On the fourth or fifth day of mourning, the pope is interred.
Between 15 and 20 days after the pope's death, allowing time for cardinals to travel from all over the world, every cardinal under age 80 arrives at the Vatican for the conclave. There are 117 such cardinal-electors.
After taking an oath of secrecy, the cardinals meet to discuss the candidates for the papacy.
The cardinals silently write the name of the cardinal they want to elect pope on a paper ballot with the phrase "Eligo in suumum pontificem," or "I elect as supreme pontiff." Votes are taken once on the first afternoon of the conclave, then twice each morning and once each afternoon after that.

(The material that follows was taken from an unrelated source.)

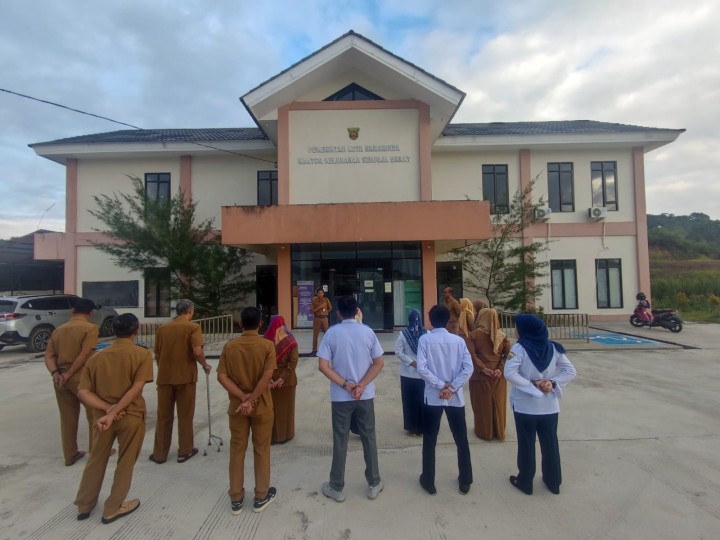 Giat, Senin 29 April 2024 Melaksanakan apel Senin pagi di kelurahan sempaja barat di pimpin oleh Seklur, Menghadiri Sosialisasi Aplikasi Smart RT Fitur Gotong royong di Ruang Mangkupalas Lt 2 gedung balaikota Samarinda di hadiri staf Kesra.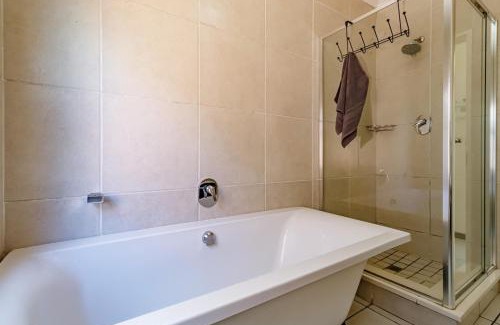 Kareeberg Apartment | Modern 3-Bed Apartment Perfect for Family & Groups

After the ballots are counted, they are burned. If a pope has been elected--by a 2/3-plus-one majority--white smoke is sent up the chimney when the ballots burn. If a majority has not been reached, black smoke goes up.
If the cardinals vote 30 times without reaching the proper majority, the rules dictate that a simple 50 percent majority will elect the new pope.
After a cardinal is elected, he chooses his papal name and dresses in pontifical garments. Each cardinal in turn pledges his allegiance to the new pope.
The oldest cardinal among the electors leaves the conclave and says in St. Peter's Square, "Habemus Papam! We have a pope!" The new pope then appears on the Vatican balcony and delivers a blessing.